▶ **YOUR OBJECTIVE**:
From the line that contains "Women Lyrical Fringe" through the line that contains "Beef Boneless Strip Steak, Family Pack", output every line of the listing below exactly and leave out all the rest.

━━ DATASET ENTRIES ━━

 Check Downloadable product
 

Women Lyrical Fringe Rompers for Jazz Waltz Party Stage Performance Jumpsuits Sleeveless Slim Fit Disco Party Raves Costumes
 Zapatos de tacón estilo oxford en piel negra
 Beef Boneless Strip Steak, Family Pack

━━━
━━ DATASET ENTRIES ━━

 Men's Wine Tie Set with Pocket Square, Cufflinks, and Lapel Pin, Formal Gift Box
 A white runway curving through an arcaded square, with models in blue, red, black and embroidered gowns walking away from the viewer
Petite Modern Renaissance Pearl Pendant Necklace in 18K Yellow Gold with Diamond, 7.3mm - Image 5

━━━
━━ DATASET ENTRIES ━━

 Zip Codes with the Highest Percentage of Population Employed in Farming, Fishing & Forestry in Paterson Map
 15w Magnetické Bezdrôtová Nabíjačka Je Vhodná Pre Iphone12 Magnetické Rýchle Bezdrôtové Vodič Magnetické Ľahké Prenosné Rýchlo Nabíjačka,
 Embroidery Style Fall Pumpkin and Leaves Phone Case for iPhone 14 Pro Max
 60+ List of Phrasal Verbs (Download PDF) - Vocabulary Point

━━━

▶ **TASK OUTPUT**:
Women Lyrical Fringe Rompers for Jazz Waltz Party Stage Performance Jumpsuits Sleeveless Slim Fit Disco Party Raves Costumes
 Zapatos de tacón estilo oxford en piel negra
 Beef Boneless Strip Steak, Family Pack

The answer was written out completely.